Intelligent testing prototype for monitoring thermal variables in a thermal chamber according to optimize an ultrasonic washing machine

Abstract

The following article shows the mathematical analysis, simulations, design and experimental tests of an intelligent prototype for monitoring the physical variables: temperature, which is measured and recorded from inside a system. It contains a platform in a movement more than 3 degrees of freedom (DOF) that is coupled to 4 springs that allow the mechanical movement of the platform that supports the monitoring system. The recording system has the ability to be inside the thermal system (not outside the data monitoring, which is the usual way) for monitoring the thermal variables regardless of mechanical disturbances of movement that generally physical-chemical processes require it.
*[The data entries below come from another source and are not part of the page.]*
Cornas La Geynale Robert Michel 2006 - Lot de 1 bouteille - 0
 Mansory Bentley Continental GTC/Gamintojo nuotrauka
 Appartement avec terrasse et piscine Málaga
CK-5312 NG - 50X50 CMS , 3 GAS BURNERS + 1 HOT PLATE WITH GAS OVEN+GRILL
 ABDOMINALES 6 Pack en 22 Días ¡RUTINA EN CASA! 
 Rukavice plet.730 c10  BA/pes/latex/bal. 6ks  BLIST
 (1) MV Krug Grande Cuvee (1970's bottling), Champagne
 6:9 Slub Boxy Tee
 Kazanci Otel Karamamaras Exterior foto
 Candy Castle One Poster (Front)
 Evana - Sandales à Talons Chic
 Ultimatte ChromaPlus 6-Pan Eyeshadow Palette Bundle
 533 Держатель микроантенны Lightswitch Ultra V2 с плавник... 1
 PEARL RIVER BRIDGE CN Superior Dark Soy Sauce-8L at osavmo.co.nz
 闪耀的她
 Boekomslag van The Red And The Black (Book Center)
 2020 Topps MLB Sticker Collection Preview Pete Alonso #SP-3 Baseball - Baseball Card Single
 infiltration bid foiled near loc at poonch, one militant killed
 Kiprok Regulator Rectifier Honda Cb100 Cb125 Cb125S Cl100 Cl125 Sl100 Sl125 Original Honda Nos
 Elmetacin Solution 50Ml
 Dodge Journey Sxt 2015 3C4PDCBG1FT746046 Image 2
The complexity of the case is that the monitoring hardware must be inserted into a closed system at the controlled range of work from 25 to 70 degrees Celsius and the composition of 3 DOF adapts the recording system to achieve a robust control for a washing machine that uses ultrasound. Since connection and wiring problems disturb the transfer of information, if the monitoring system is outside the thermal system. For this reason, this designed system has the robustness of hardware to isolate the heat that is produced in the thermal camera with respect to the interior of the recorder. Also the appropriate isolation for the hardware that contains the monitoring system is thermally analyzed, which implies that outside the system the process can be from 25 to 70 degrees Celsius and inside the prototype, where the logger circuitry is located, it is around 25 degrees Celsius. However, the analysis of correct filtering and self-control of the system is also necessary during the processing of the information of registered thermal variables, since a large part of the disturbances for data collection is given by the mechanical movement of two degrees of freedom of the thermal system [1], [2]. Finally, it is suggested for a future improvement of this article, the replacement of traditional (electromechanical) sensors by sensors based on nanostructures, because a large part of solutions and strategies for filtering and control through software can be optimized with robust and fast-response sensors. Moreover, this new sensor can avoid mechanical and electromagnetic disturbances.